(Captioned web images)
>>>

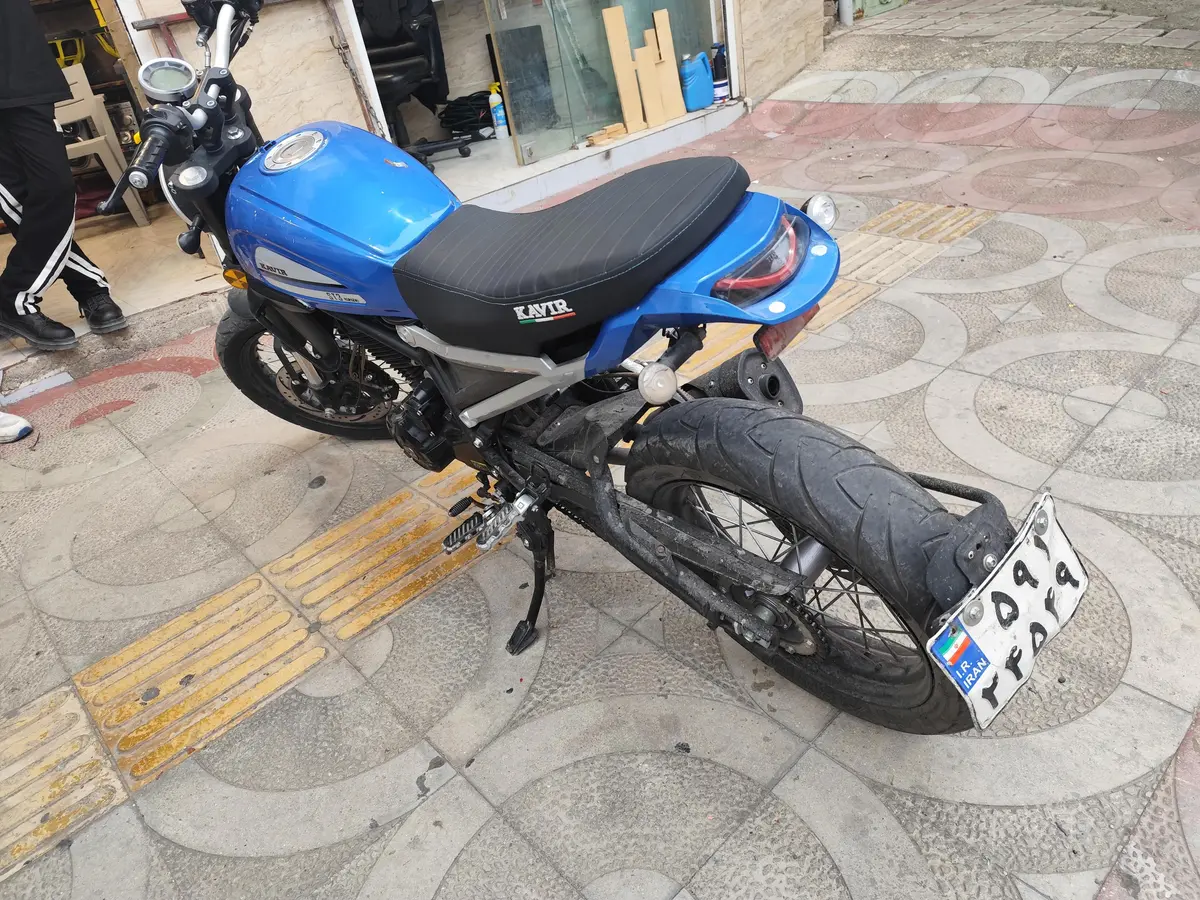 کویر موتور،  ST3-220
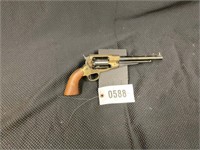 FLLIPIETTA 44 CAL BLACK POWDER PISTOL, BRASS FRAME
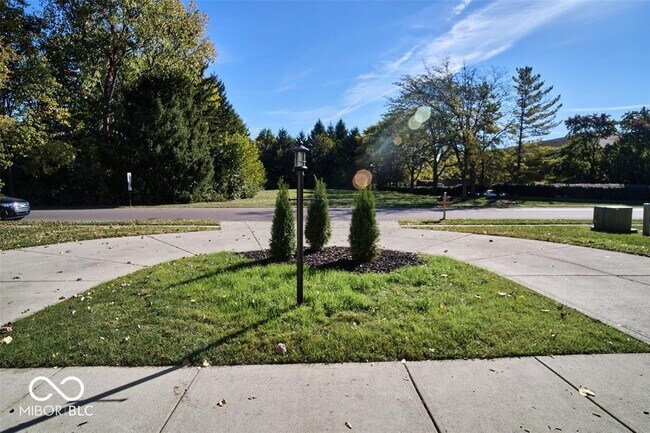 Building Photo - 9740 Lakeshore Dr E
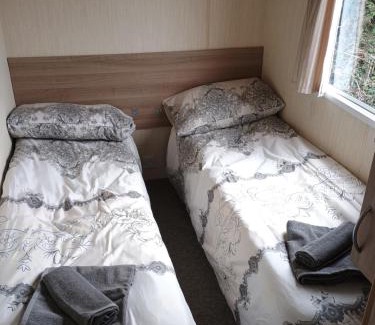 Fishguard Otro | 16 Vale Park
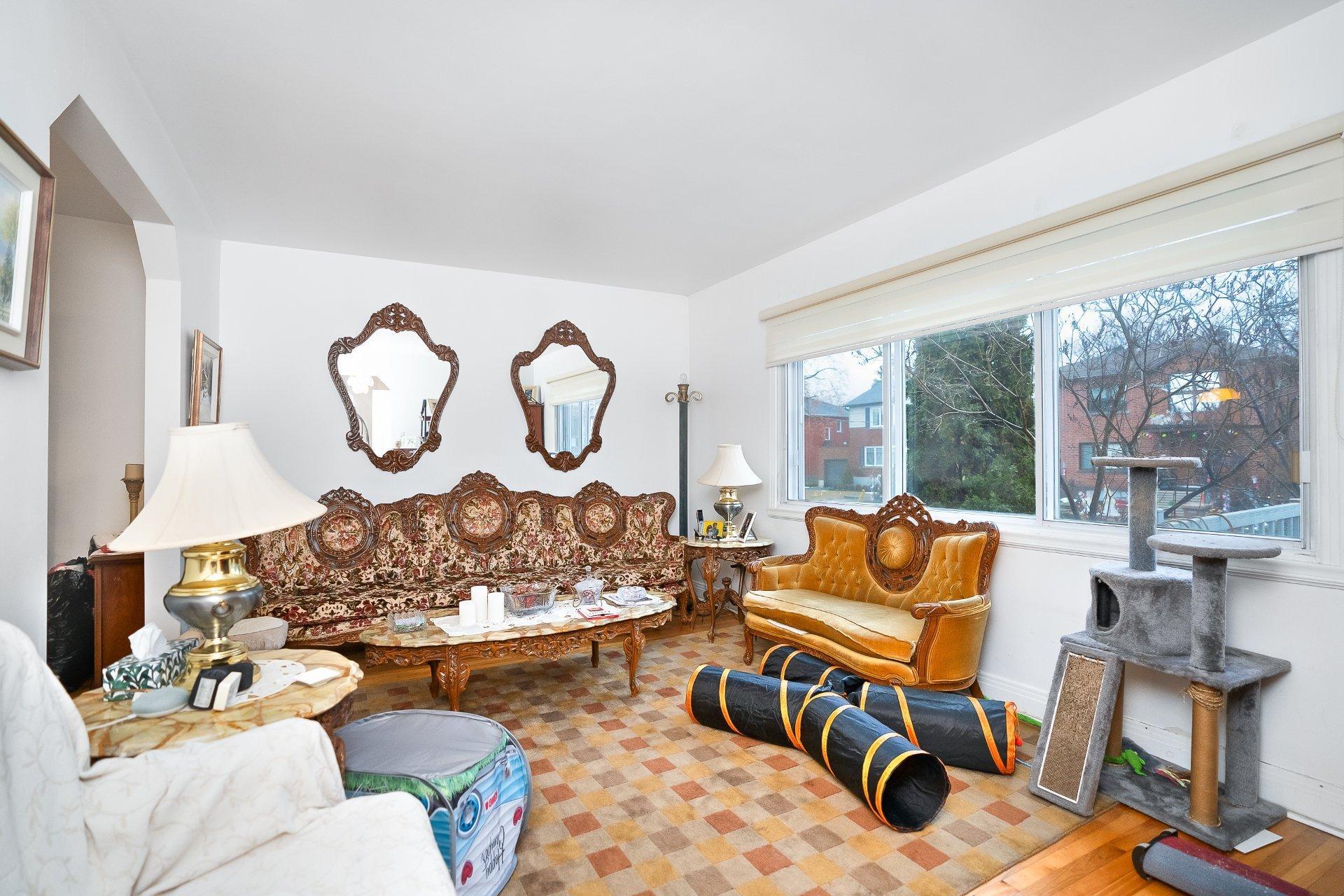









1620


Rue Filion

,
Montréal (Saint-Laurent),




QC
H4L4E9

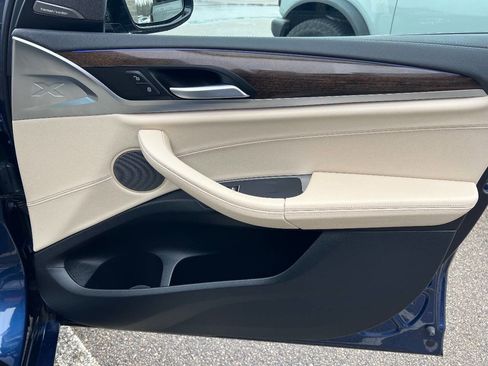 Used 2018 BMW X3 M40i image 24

<<<

WORK TO BE COMPLETED »
Could you write out the records again exactly, omitting each image?

FINAL ANSWER »
 کویر موتور،  ST3-220
 FLLIPIETTA 44 CAL BLACK POWDER PISTOL, BRASS FRAME
 Building Photo - 9740 Lakeshore Dr E
 Fishguard Otro | 16 Vale Park









1620


Rue Filion

,
Montréal (Saint-Laurent),




QC
H4L4E9

 Used 2018 BMW X3 M40i image 24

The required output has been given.